I deploy an nginx proxy service and a rails app service into a docker swarm. The nginx depends on the app in my docker-compose file.
My nginx.conf file directs traffic to my upstream app service (exposed on port 3000) like so (only showing the upstream part).
upstream puma {
server app:3000;
}
My docker-compose file looks like so:
version: '3.1'
services:
app:
image: my/rails-app:latest
networks:
- proxy
web:
image: my/nginx:1.11.9-alpine
command: /bin/sh -c "nginx -g 'daemon off;'"
ports:
- "80:80"
depends_on:
- app
networks:
- proxy
networks:
proxy:
external: true
My host is setup to be swarm manager.
This all works totally fine - there are no problems.
However, even though I have a depends section in my docker-compose file - the app service may not be completely (?) ready by the time the nginx service starts up, so when the upstream service config part tries to DNS resolve "app:3000", it seems like it is not finding it completely.
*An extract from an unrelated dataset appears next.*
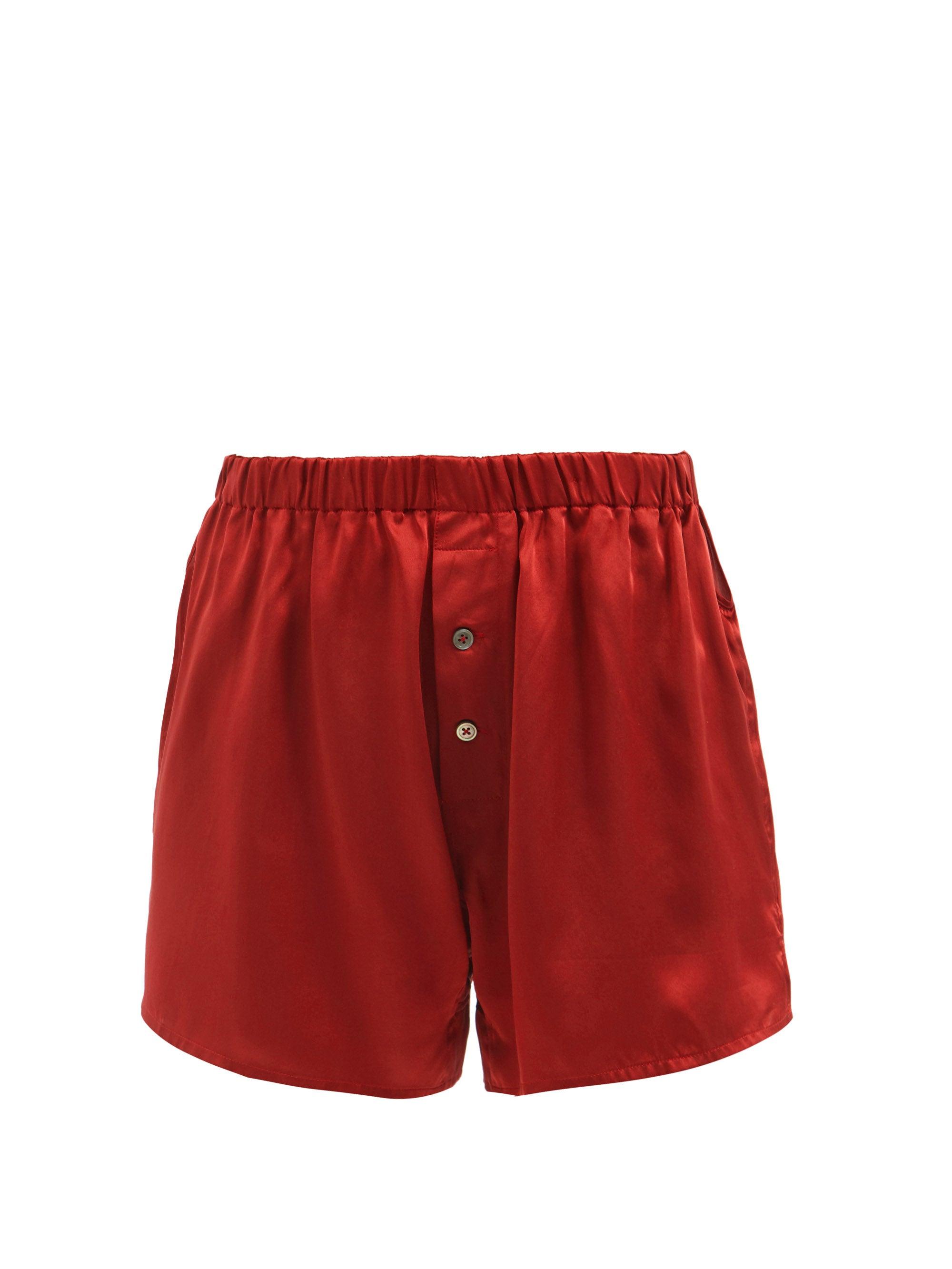 Araks Eduardo Silk-satin Pyjama Shorts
So when I visit my site, I find the following error message in my nginx logs:
2017/02/13 10:46:07 [error] 8#8: *6 connect() failed (111: Connection refused) while connecting to upstream, client: 10.255.0.3, server: www.mysite.com, request: "GET / HTTP/1.1", upstream: "http://127.0.53.53:3000/", host: "preprod.local"
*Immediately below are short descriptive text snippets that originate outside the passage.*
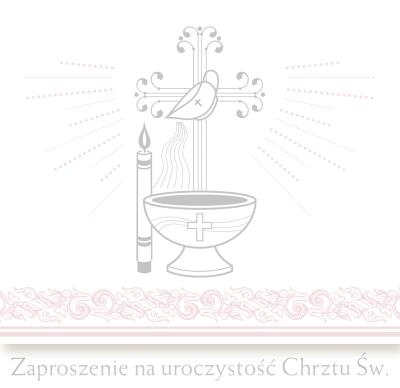 Opakowanie ZAPROSZENIE CHRZEST ZKW CHR 40769 POL MAK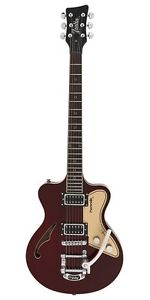 Italia Maranello '61 See Thru Burgundy Electric Guitars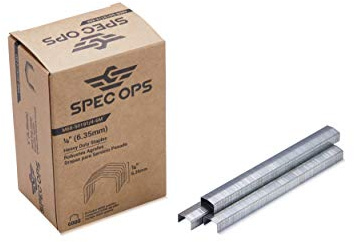 Spec Ops Tools 1/4 Staples for M68E Plier Stapler, 5,000 Pack, 3% Donated to Veterans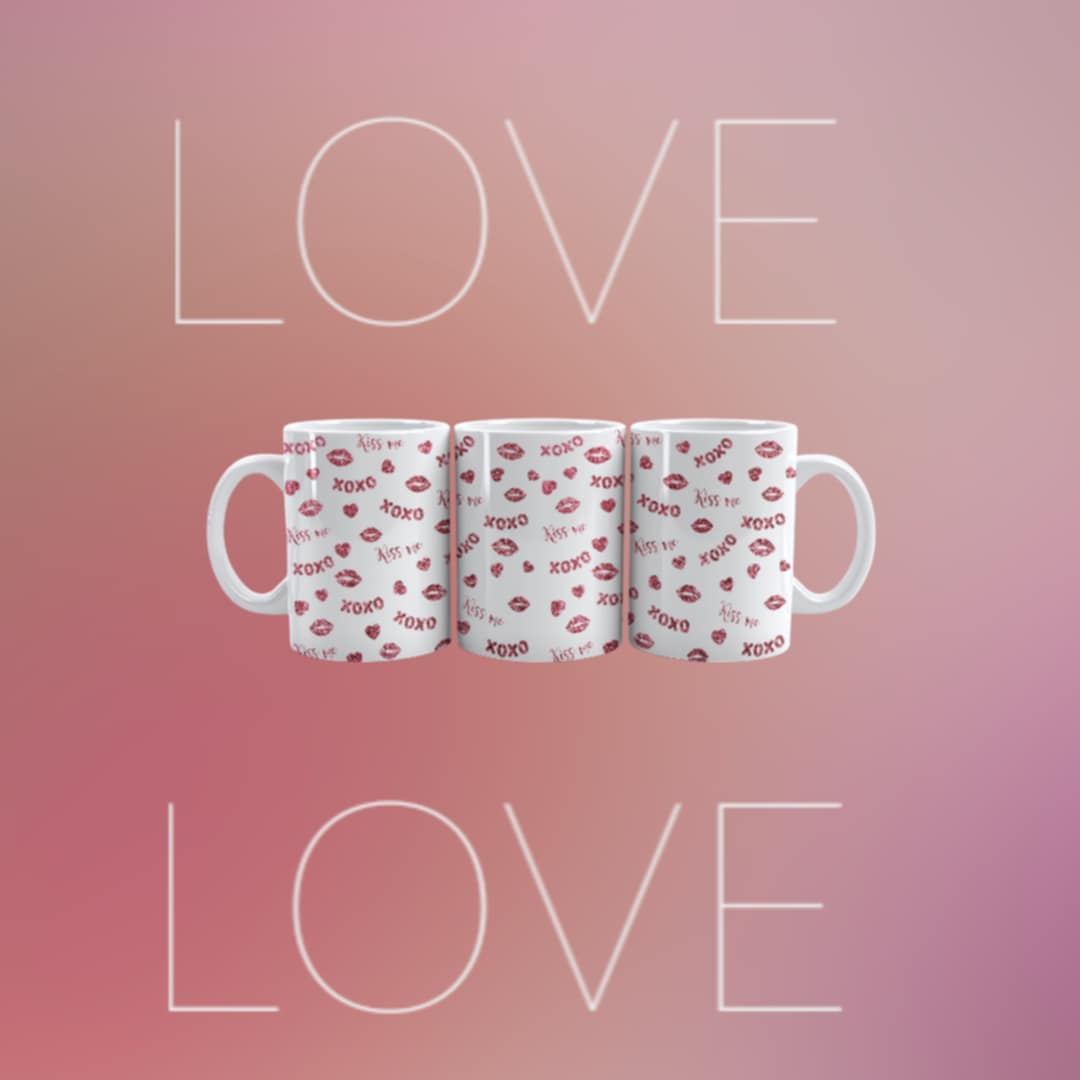 MUG de Saint-Valentin - L'amour en paillettes (5)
If I kill the docker container that is running the nginx service, and swarm reschedules it a moment later and it returns, if I then visit the same URL it works completely fine, and the request is passed successfully upstream to app:3000.
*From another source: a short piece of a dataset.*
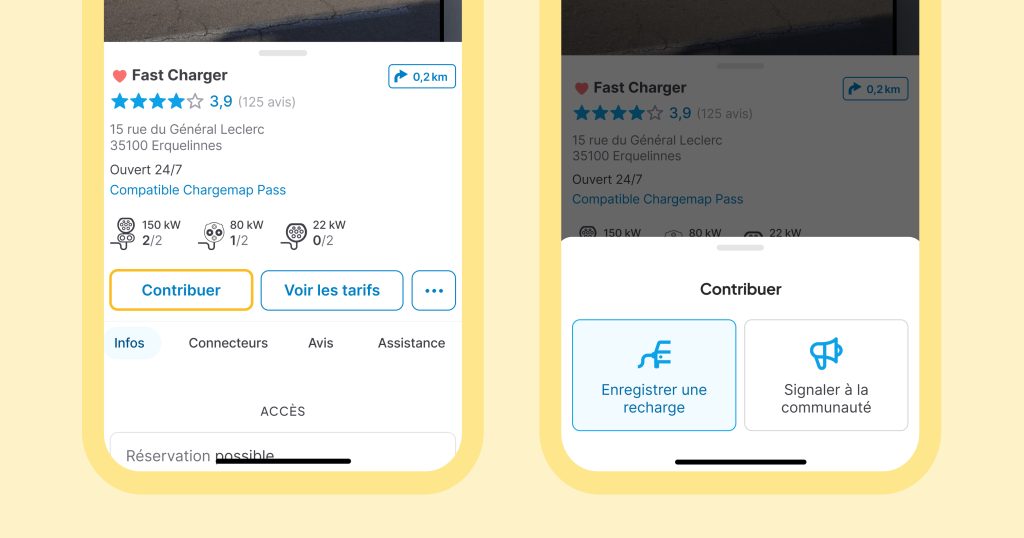 Enregistrer une recharge sur Chargemap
How can I prevent this from happening - where the startup timings are out by a little bit and at the time when nginx starts it can't yet properly resolve my swarm service called app:3000 - and instead it is attempting to pass the traffic onto an IP address ....
BTW - the same happens if I reboot my virtual machine - when docker (in swarm mode) brings up the services again - I can end up with the same problem. Restarting the nginx container solves the problem.